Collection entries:
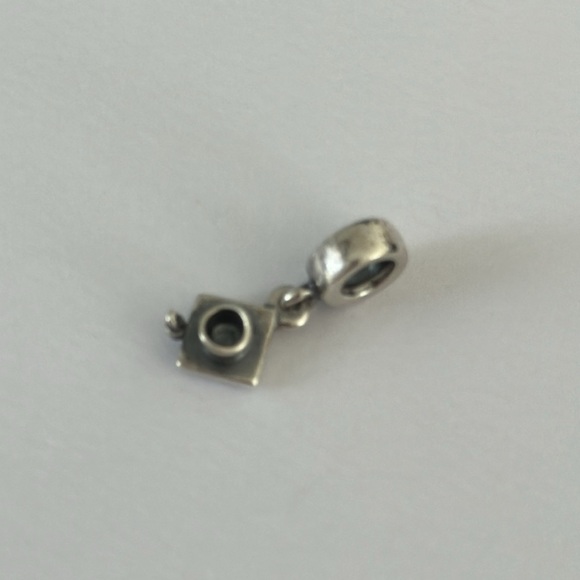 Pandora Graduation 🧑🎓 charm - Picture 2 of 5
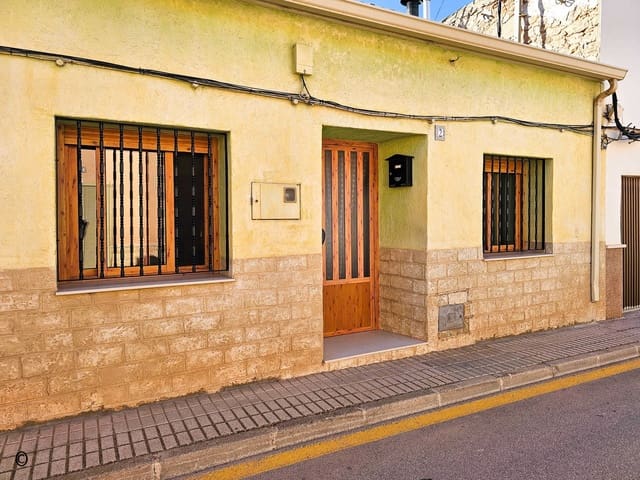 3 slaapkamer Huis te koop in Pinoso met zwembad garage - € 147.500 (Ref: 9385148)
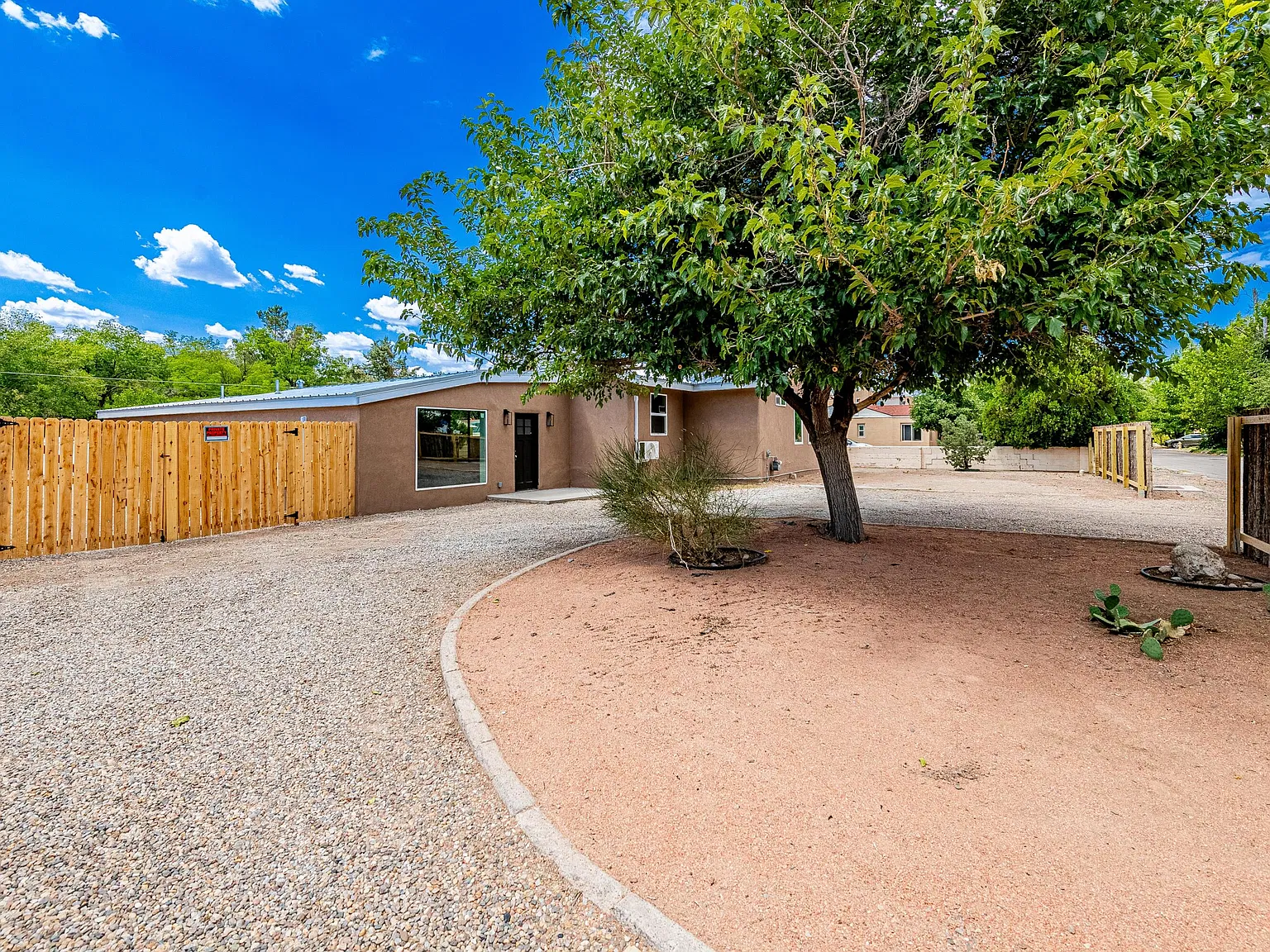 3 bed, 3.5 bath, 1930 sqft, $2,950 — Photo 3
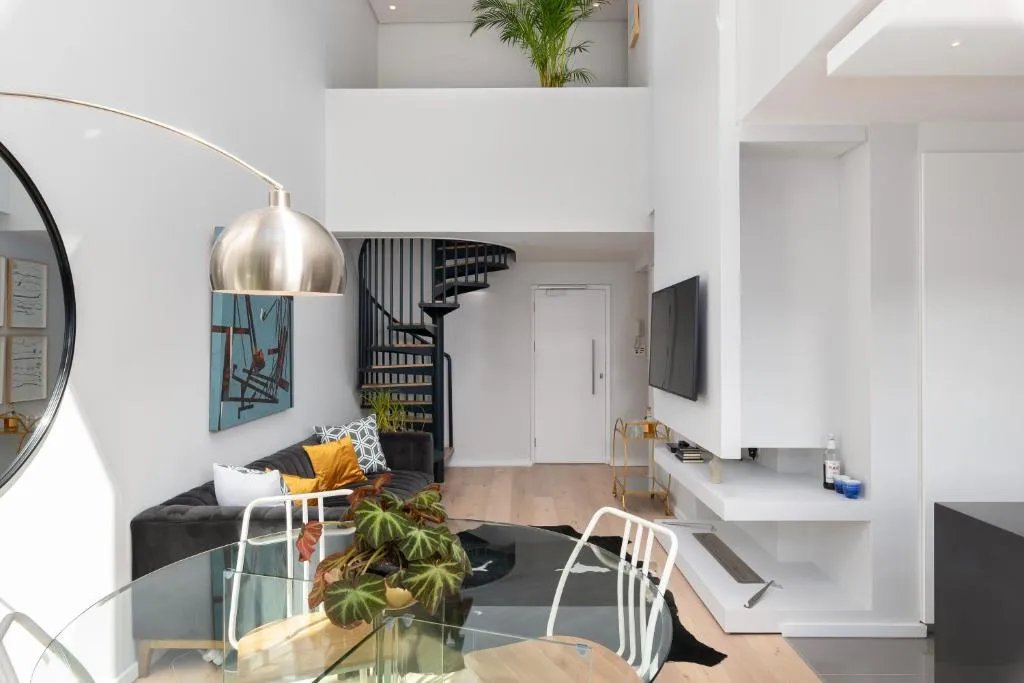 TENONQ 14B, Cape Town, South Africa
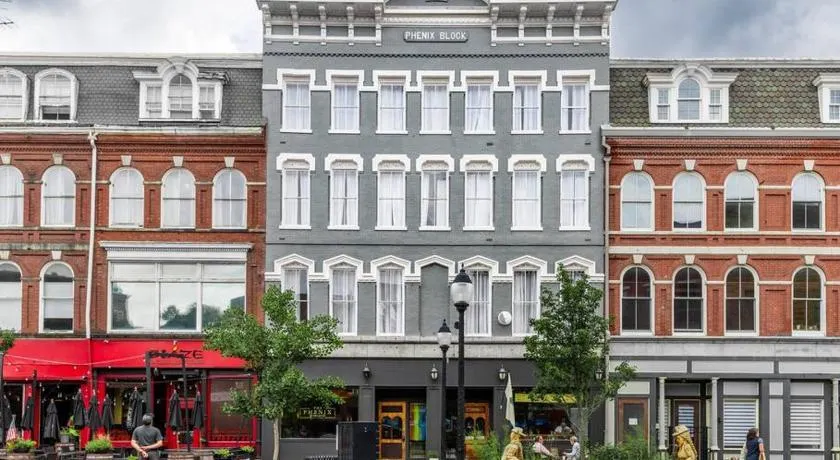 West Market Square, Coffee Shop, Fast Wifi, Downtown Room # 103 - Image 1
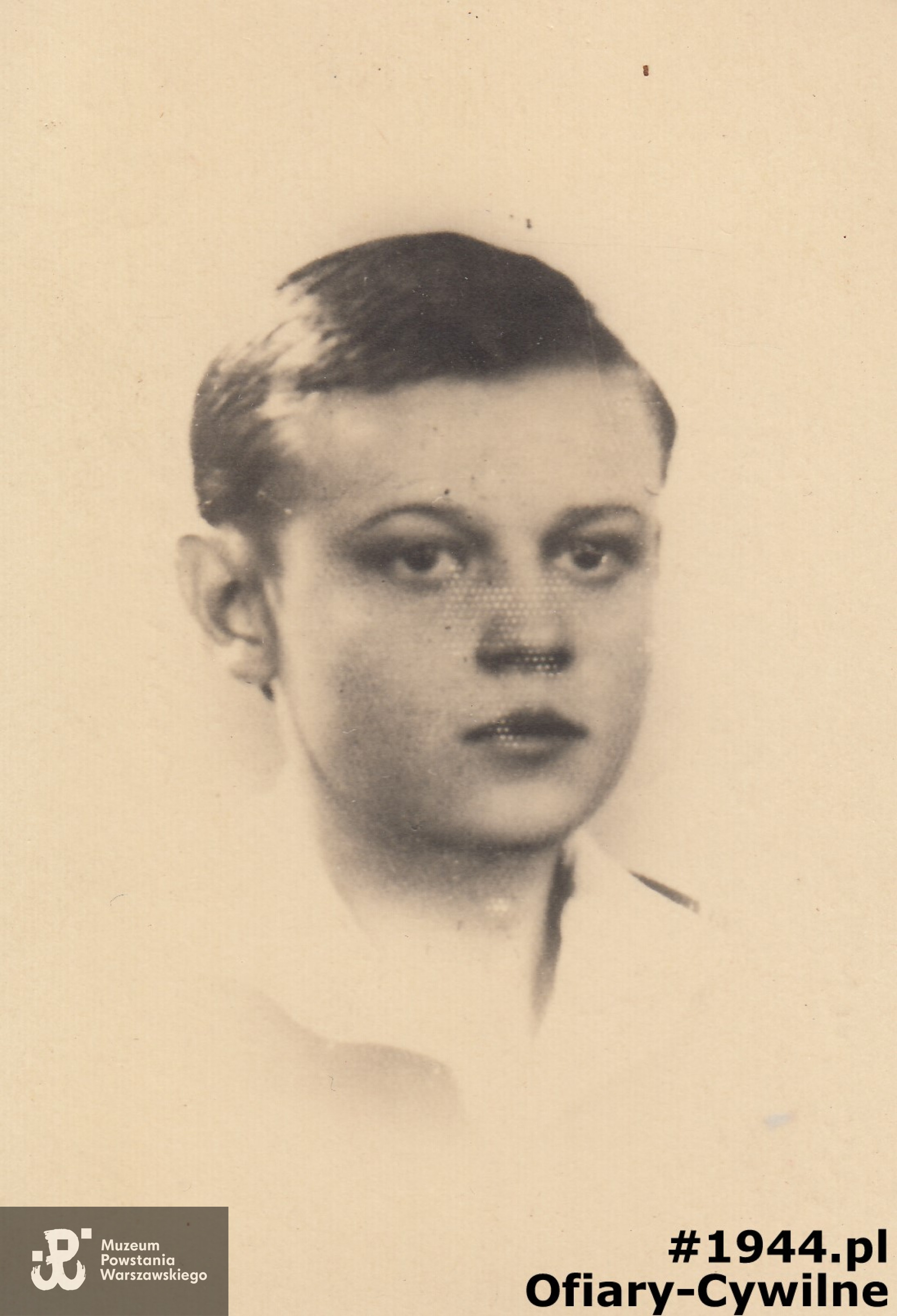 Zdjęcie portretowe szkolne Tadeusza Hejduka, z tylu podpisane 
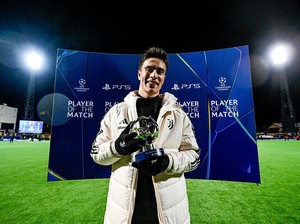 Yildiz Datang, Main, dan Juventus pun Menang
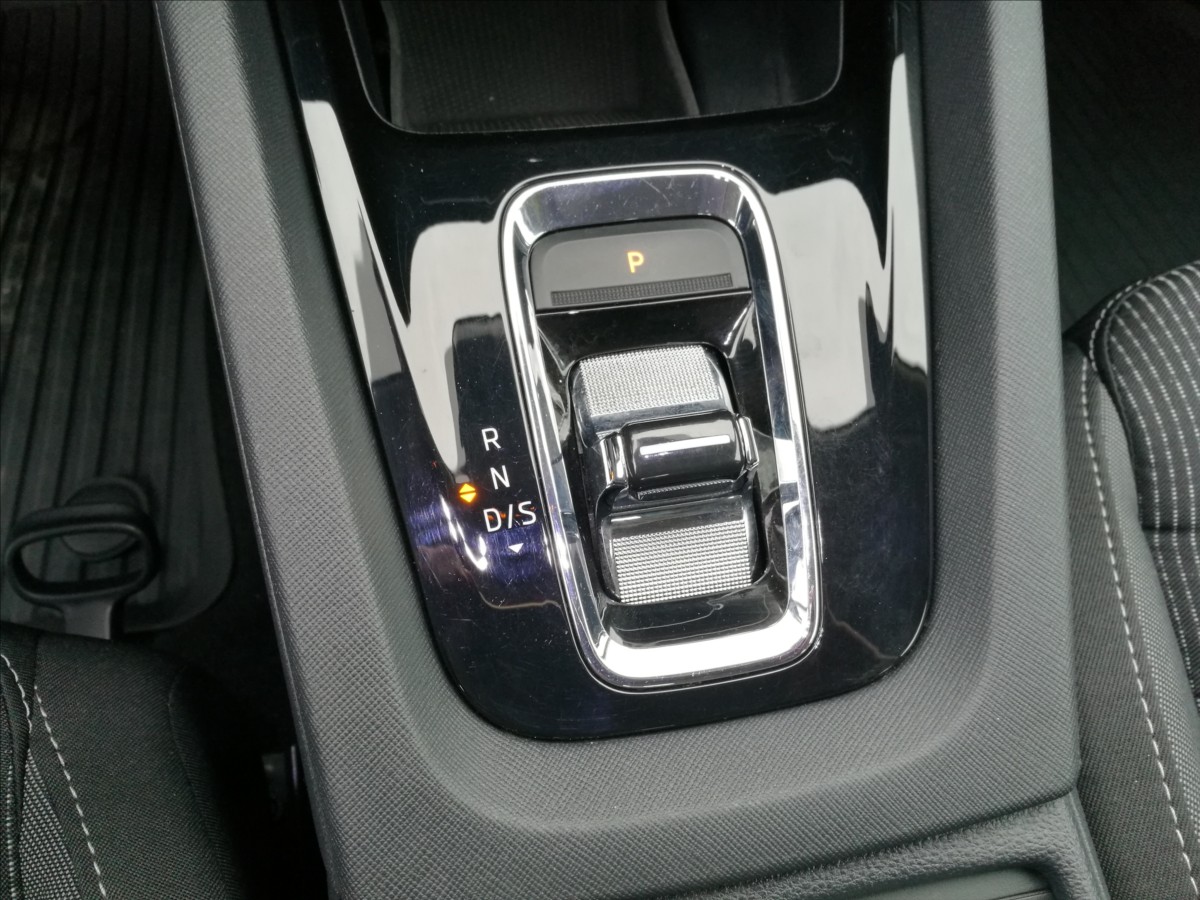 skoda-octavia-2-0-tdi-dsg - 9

Problem details ->
For each record above, write out its text exactly and skip any picture.

Written solution ->
 Pandora Graduation 🧑🎓 charm - Picture 2 of 5
 3 slaapkamer Huis te koop in Pinoso met zwembad garage - € 147.500 (Ref: 9385148)
 3 bed, 3.5 bath, 1930 sqft, $2,950 — Photo 3
 TENONQ 14B, Cape Town, South Africa
 West Market Square, Coffee Shop, Fast Wifi, Downtown Room # 103 - Image 1
 Zdjęcie portretowe szkolne Tadeusza Hejduka, z tylu podpisane 
 Yildiz Datang, Main, dan Juventus pun Menang
 skoda-octavia-2-0-tdi-dsg - 9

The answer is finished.